Posted by Richard on July 6, 2012

Here’s something else from Mark J. Perry, the cockeyed optimist of the dismal science:

Relative to our total household spending, Americans have the cheapest food on the planet – only 6.6% of the average household budget goes to food consumed at home.  European countries like Spain, France and Norway spend twice that amount on food as a share of total expenditures, and consumers in countries like Turkey, China and Mexico spend three times as much of their budgets on food as Americans.

Another measure of food affordability, total food expenditures in the U.S. as a share of disposable income (see chart above, USDA data here), shows that food has become more affordable in the U.S. over time.  Spending on food has fallen from more than 25% of the average American’s income in 1933 to only 9.4% in 2010, an all-time low.  Between 1980 and 2010, the share of disposable income spent on food in the U.S. fell from 13.2% to 9.4%, which is equivalent to almost a 4% increase in the average American’s disposable income over the last 30 years.   And a number of countries in the list below spend more on food as a share of household expenditures today than Americans spent on food during the Great Depression.

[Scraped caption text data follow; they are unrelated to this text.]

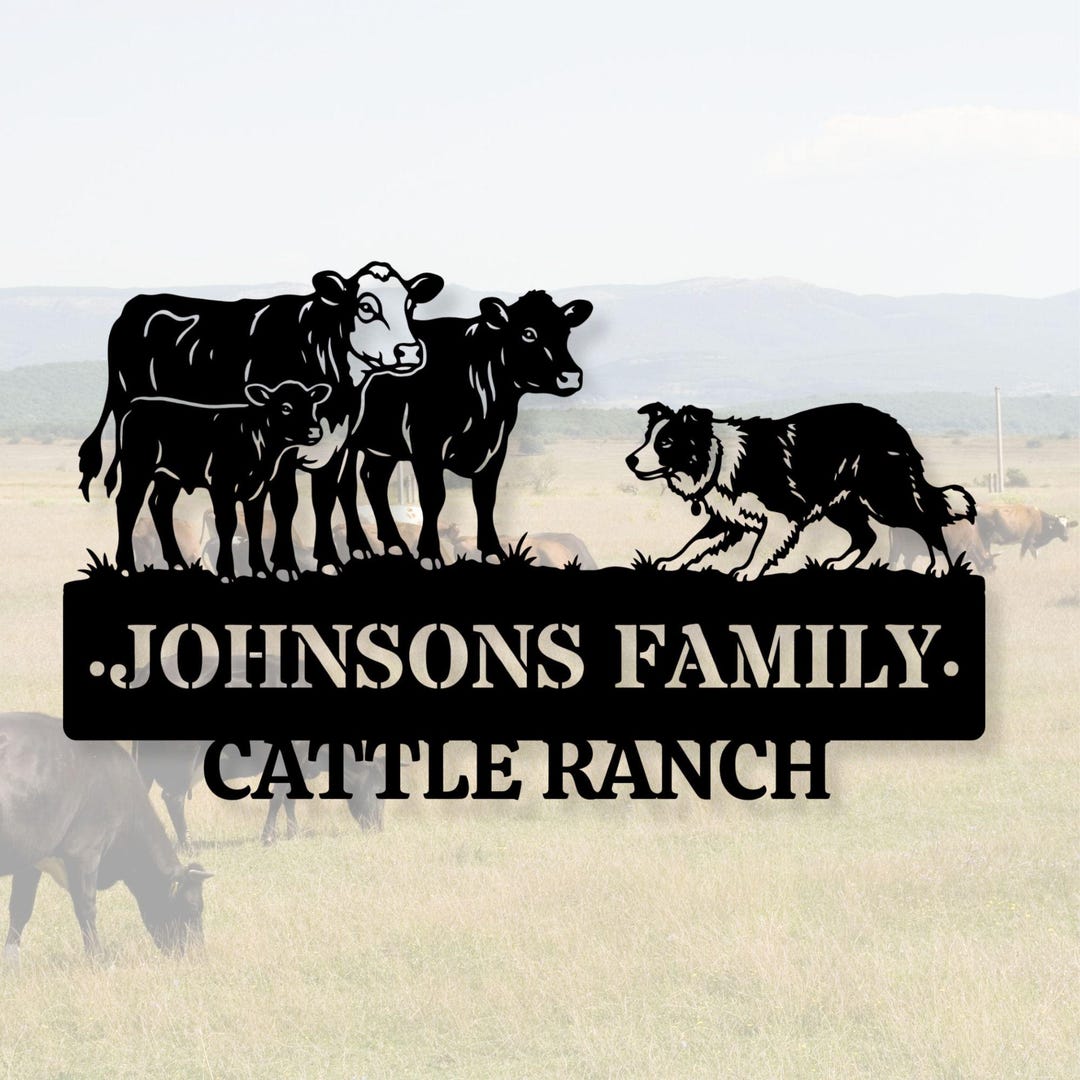 Custom Metal Ranch Sign, Personalized Cattle Farm Decor, Metal Brand ...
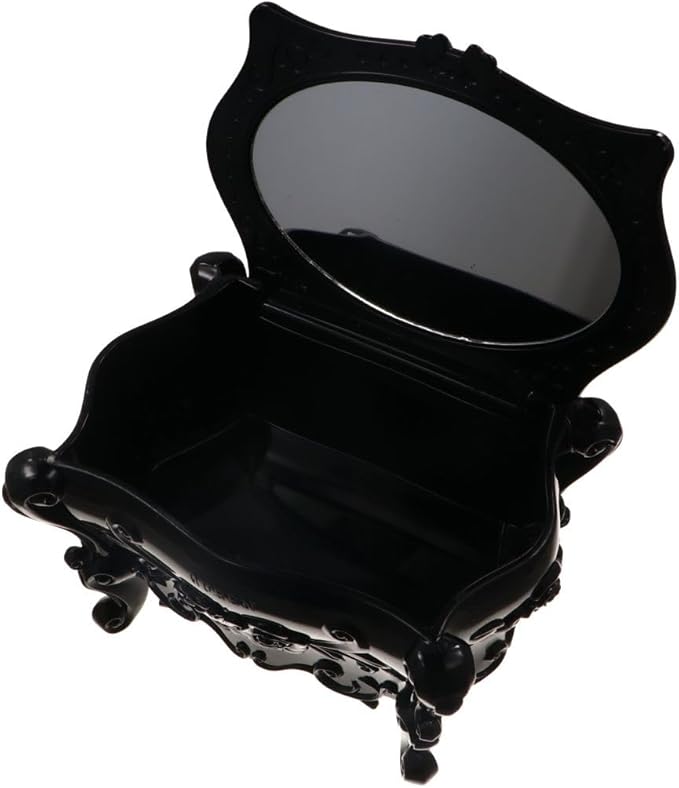 Gothic Jewelry Box With Mirror Decorative Black Rose Flower Jewelry Case, Small Jewelry Organizer for Earrings Rings Necklaces Bracelets, 6.3 Inch Retro Multifunctional Storage Box Make Up Organizer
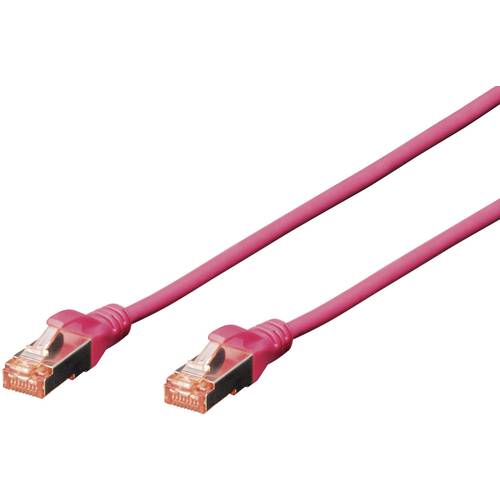 Digitus DK-1644-020/MG RJ45 Netzwerkkabel, Patchkabel CAT 6 S/FTP 2.00 m Magenta Halogenfrei, verdrillte Paare 1 St.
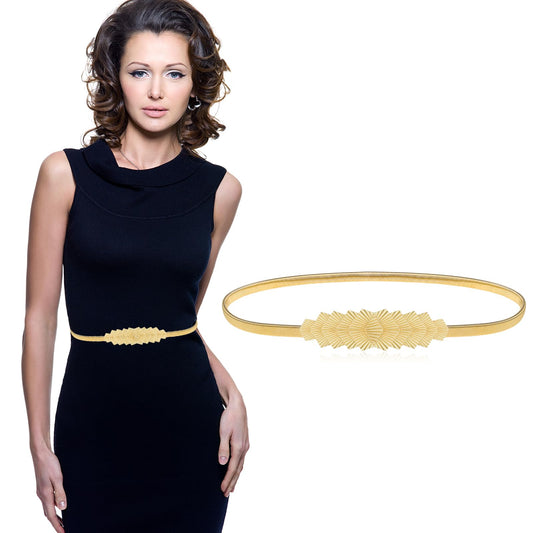 Giantree Women Fashion Skinny Metal Belt Gold Elastic Waist Belt Thin Belt for Dresses Stretch Metallic Waist Belt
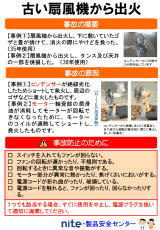 古い扇風機から出火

Americans spend less on food as a share of our household expenditures than consumers anywhere else in the world.

Most goods and services have gotten cheaper, better, or both over time. It’s called progress. I can think of two main exceptions, which keep taking a larger and larger share of the average American’s income. Both are largely under the control of the government, with lots of regulations and subsidies (!): education and health care.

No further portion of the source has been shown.